The complex manufacturing process spans 350 plants producing 1.5 million components per rack, showcasing Nvidia's ability to execute at scale. Early deployments include major cloud providers like Microsoft Azure, Google Cloud Platform, AWS and Oracle Cloud Infrastructure.

AI Workloads Evolving Beyond Initial Use Cases

Management highlighted three distinct scaling laws driving compute demand: pre-training, post-training, and inference time scaling. Post-training tasks can now require more compute than initial training.
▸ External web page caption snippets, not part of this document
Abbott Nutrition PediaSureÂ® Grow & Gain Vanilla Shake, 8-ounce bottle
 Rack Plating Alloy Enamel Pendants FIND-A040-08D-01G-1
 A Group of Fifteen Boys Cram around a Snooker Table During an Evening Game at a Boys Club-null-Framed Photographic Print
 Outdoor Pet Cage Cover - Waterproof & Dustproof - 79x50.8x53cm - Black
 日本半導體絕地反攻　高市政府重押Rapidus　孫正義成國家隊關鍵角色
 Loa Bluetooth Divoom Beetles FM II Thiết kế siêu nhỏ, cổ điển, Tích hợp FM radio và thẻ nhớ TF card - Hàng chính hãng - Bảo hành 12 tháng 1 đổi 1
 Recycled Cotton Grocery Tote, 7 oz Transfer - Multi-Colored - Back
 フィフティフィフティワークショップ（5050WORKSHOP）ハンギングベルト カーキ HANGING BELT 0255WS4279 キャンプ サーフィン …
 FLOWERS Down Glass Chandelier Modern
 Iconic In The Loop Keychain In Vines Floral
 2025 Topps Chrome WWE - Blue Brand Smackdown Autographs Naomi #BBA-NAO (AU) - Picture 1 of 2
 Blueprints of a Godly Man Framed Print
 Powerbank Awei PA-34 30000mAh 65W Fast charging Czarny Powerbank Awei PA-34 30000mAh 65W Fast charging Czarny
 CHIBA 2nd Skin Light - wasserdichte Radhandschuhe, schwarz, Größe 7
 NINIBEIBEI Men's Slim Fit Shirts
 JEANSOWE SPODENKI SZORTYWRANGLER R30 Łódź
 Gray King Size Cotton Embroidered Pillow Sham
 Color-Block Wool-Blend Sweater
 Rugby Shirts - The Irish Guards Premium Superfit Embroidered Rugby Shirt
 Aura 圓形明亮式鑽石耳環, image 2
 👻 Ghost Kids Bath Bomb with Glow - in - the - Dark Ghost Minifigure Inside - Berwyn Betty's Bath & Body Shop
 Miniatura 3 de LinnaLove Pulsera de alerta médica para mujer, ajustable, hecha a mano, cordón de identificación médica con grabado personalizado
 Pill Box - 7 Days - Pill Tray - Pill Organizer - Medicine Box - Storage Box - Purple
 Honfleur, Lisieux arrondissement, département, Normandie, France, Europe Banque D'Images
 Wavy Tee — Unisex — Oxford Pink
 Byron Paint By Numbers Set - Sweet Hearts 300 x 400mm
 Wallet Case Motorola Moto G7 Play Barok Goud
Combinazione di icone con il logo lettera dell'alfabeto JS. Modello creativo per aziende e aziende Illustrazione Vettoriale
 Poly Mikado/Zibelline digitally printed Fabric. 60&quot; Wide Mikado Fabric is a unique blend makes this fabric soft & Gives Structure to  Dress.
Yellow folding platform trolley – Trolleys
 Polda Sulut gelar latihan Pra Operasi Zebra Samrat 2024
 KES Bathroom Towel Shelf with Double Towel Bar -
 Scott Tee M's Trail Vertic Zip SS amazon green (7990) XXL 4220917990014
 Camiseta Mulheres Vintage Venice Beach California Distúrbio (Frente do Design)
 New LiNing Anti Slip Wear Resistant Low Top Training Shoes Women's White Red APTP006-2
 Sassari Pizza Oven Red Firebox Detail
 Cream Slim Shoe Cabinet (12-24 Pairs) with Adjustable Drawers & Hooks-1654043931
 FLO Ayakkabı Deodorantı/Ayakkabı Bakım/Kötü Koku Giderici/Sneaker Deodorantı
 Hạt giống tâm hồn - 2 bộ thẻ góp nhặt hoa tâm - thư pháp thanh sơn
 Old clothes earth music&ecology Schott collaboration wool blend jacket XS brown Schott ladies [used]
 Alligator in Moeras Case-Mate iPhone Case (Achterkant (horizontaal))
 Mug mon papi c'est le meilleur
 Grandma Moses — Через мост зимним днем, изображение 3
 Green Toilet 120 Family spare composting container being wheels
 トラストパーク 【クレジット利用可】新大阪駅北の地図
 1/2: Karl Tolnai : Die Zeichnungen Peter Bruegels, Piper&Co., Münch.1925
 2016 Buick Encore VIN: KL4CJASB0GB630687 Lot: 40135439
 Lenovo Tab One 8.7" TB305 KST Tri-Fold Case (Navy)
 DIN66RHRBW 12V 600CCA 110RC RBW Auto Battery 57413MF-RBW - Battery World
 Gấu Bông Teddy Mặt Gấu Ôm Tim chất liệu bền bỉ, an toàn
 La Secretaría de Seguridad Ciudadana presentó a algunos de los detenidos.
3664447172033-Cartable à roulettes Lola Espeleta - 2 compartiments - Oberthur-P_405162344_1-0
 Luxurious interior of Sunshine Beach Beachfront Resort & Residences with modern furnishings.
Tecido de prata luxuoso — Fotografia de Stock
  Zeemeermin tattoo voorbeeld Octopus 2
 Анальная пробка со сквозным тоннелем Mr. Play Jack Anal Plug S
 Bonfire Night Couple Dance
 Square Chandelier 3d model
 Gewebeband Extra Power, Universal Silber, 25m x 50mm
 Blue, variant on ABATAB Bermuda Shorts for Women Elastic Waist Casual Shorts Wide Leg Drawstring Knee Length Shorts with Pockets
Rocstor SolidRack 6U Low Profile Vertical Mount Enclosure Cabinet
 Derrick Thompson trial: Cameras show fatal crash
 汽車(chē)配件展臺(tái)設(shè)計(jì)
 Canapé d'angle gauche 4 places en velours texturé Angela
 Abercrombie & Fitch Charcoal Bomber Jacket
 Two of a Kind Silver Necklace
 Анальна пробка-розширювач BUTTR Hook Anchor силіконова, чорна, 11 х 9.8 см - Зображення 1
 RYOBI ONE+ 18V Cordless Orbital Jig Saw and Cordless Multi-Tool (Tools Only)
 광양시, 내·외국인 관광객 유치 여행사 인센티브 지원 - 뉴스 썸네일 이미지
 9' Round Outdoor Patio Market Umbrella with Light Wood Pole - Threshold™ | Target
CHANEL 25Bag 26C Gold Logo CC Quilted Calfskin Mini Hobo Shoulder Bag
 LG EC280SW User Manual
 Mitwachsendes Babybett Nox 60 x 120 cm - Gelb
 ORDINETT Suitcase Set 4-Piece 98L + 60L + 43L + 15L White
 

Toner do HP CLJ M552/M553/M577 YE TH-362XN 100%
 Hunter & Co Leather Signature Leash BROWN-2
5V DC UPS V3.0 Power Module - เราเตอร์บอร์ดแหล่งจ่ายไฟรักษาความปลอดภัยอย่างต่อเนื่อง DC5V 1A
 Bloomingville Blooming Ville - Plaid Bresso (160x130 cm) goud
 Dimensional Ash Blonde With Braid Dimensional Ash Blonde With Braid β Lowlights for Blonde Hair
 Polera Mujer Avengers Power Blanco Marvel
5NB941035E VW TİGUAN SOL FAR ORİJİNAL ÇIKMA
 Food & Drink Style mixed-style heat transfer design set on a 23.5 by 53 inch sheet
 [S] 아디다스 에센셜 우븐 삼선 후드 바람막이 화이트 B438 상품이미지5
The amount of computation you use for post-training is actually higher than pre-training. ... The amount of tokens generated [and] the amount of inference compute needed is already 100x more than the one-shot examples and the one-shot capabilities of large language models in the beginning. And that's just the beginning.

-- Jensen Huang, CEO

This evolution suggests expanding infrastructure requirements as AI applications mature and become more sophisticated.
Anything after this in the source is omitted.